1765 Plan Blondel


La deuxième moitié du XVIII° siècle se préoccupe d’urbanisme : on souhaite rendre la ville agréable. C’est dans ce contexte que le Magistrat de Strasbourg obtient du Roi, sur le conseil du Préteur royal Gayot, qu’on délègue à Strasbourg l’architecte Jacques François Blondel. Celui-ci présente son projet qui consiste à rectifier les rues et à aménager des axes de circulation dans la ville. L’architecte Blondel fait dresser à cet effet un plan de la ville intra muros où il portera les modifications qu’il préconise. L’article de Jörg Garms, Le plan d’urbanisme de Strasbourg dressé par Jacques-François Blondel, publié dans les Cahiers Alsaciens d’Archéologie d’Art et d’Histoire, tome XXI, 1978 (pp. 103-141), présente le projet de manière circonstanciée.

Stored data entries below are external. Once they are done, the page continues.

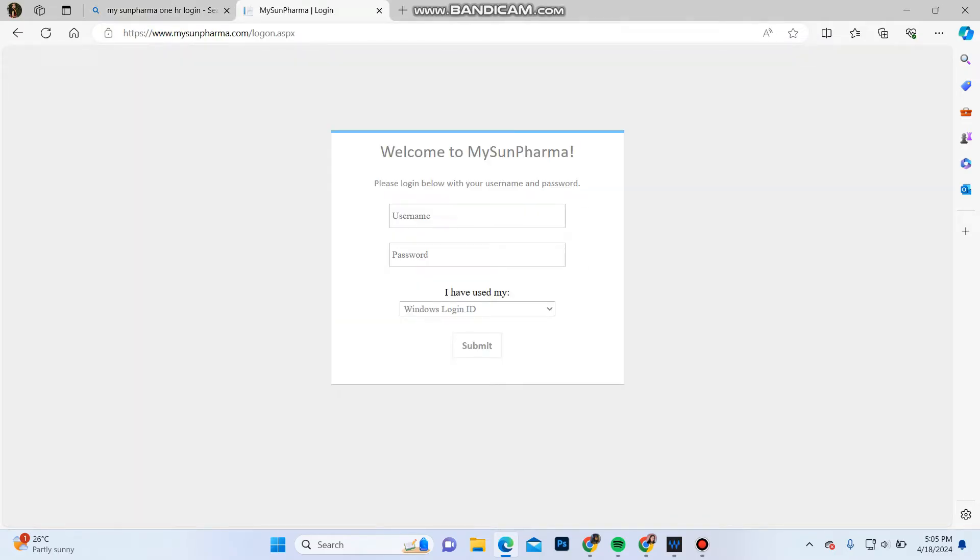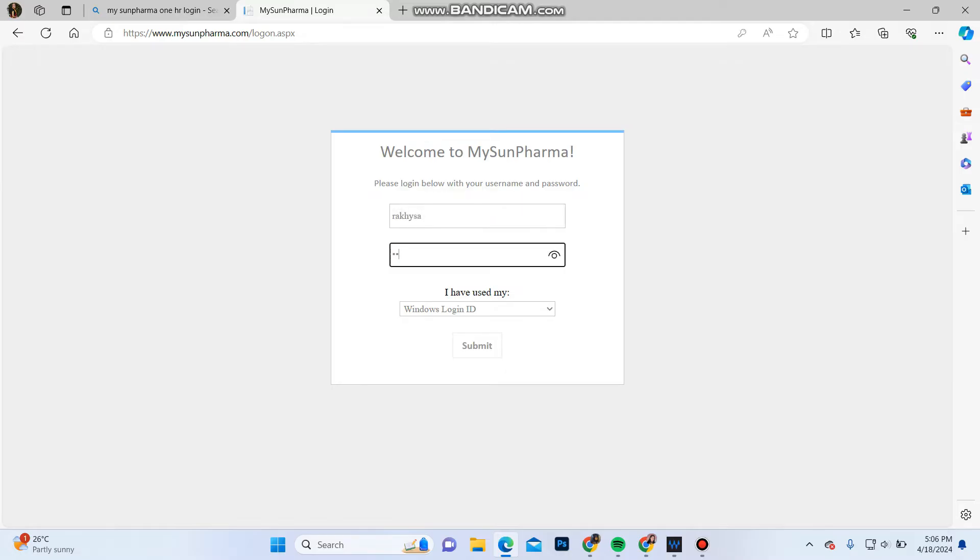It will take you to the login portal. Over here, in the username section, type in your username of the account. And in the password section, enter your password of the account.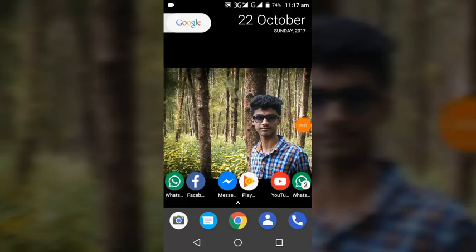Hi friends, welcome to Techmaster. Welcome to the next episode. I am Gautam Krishna. Today, we are going to install an app on the phone.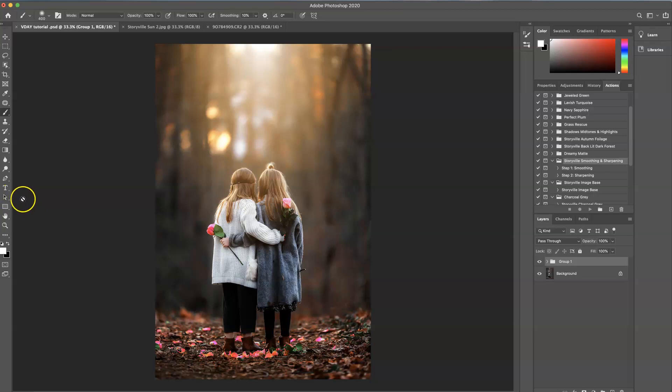Hi everyone, this is Heather Smith with Storyville Photography and today I'm going to show you how to achieve this edit.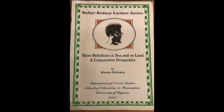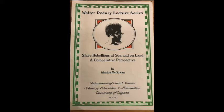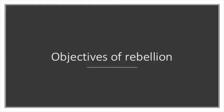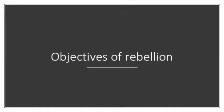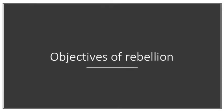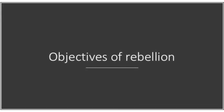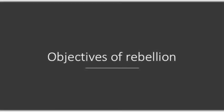Slave Rebellions at Sea and on Land: A Comparative Perspective by Professor Winston McGowan, written in 2005 as part of the Walter Rodney Lecture Series, read by Nikita Blair. This extract was edited for your listening pleasure. Part 4: The Objectives of Rebellion.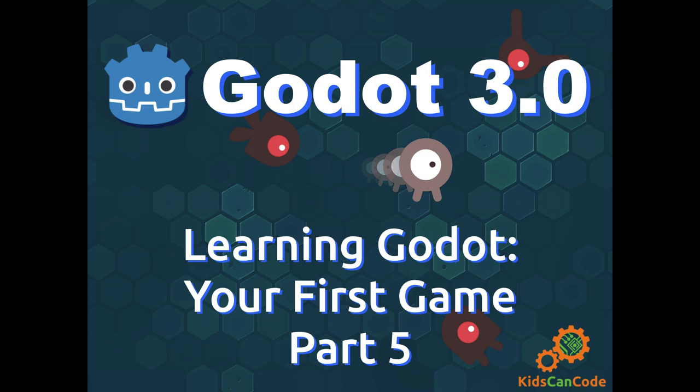Welcome to part 5 of Learning Godot. We're in the home stretch. In the previous parts, we created the different components of the game, and now we're going to finish tying them together and completing the game.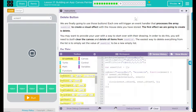Hey kids, welcome to Lesson 17, Building an App, Canvas Painter, Delete Button. We are finally going to use those buttons. Each one will trigger an event handler that processes the array event list to create a visual effect with the mouse data you have stored.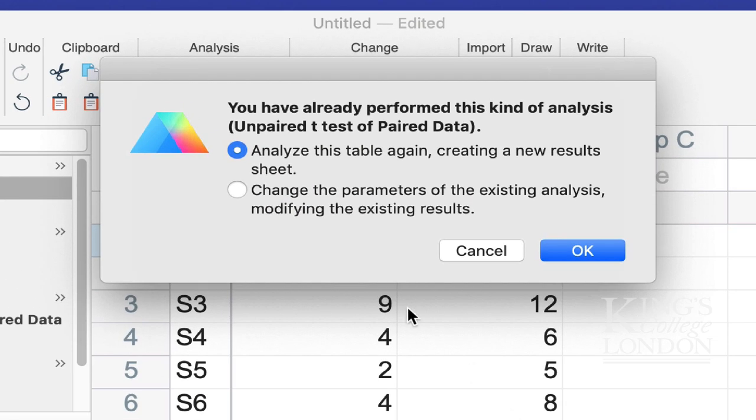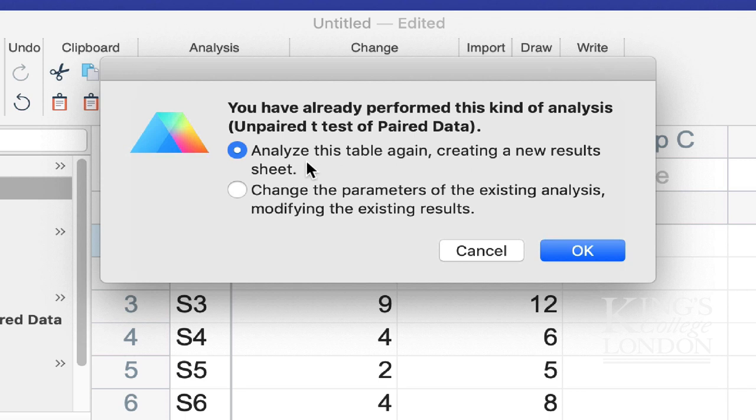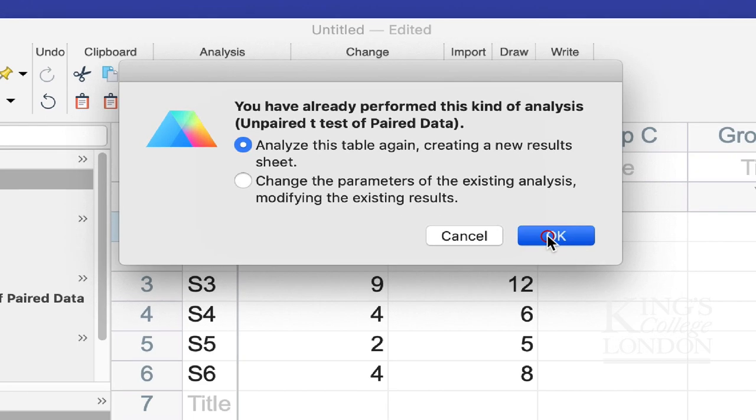I've already analyzed these data with an unpaired t-test. So I'm going to analyze these tables again, creating a new results sheet, and then I can compare my unpaired with my paired analyses. I'm going to click OK.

La ville dans les remparts est divisée en dix cantons dont les plans existent en deux versions principales : l’une représente l’existant, l’autre y superpose le projet de Blondel.
Les plans de l’existant sont conservés en deux versions, (a) aux Archives départementales (cote 1 L plan 5, planches 1 à 10) et (b) aux Archives municipales (cote 1 PL 10.a à 20). Sur la version (a), les maisons qui appartiennent à des particuliers sont lavées de rose, à des nobles de vert olive, à la Ville d’orangé et à des institutions (fabriques, Grand Chapitre, Œuvre Notre Dame) ou au Roi de gris violacé. La couleur orangée n’apparaît pas sur la version (b). Les plans de la version (a), découpés et collés sur toile, étaient à l’origine pliés et rangés dans un petit coffret. Les plans de la version (b), dont certains contresignés par l’inspecteur des travaux Samuel Werner ou approuvés par le Magistrat, sont ceux des services de la Ville comme en témoignent les nombreuses traces de manipulation et le report des numéros de maisons suite à la décision de 1785 (1) pour les cantons VI, VII, VIII en partie, X, voir l’état détaillé. La version (a) est lavée de teintes vives mais les rues n’y portent pas de nom. Les plans de la version (b) ont souvent des teintes pâles, le nom des rues y est porté en français.
Les plans du projet Blondel, version (c), sont conservés aux Archives municipales (cote 1 PL 675 a-j, provenant du legs de l’abbé Straub, acquis par la Ville en 1896). Cette dernière version existe en outre en petites planches, version (d), reliées en deux volumes (AMS, cotes VI 586 et 587), dont chacune représente une partie de canton. Les maisons sont toutes lavées de gris. Les terrains non construits que le projet de Blondel prévoit de surbâtir sont teintés de rose, les terrains construits que le projet prévoit de réunir au communal de jaune. Les noms de rue figurent sur la version (c), ils ont été ajoutés au crayon à la version (d), au XIX° siècle d’après l’écriture.
Chaque canton comprend de 200 à 400 parcelles (maisons ou jardins) dont on a conservé la liste des propriétaires (AMS, cote VI 585).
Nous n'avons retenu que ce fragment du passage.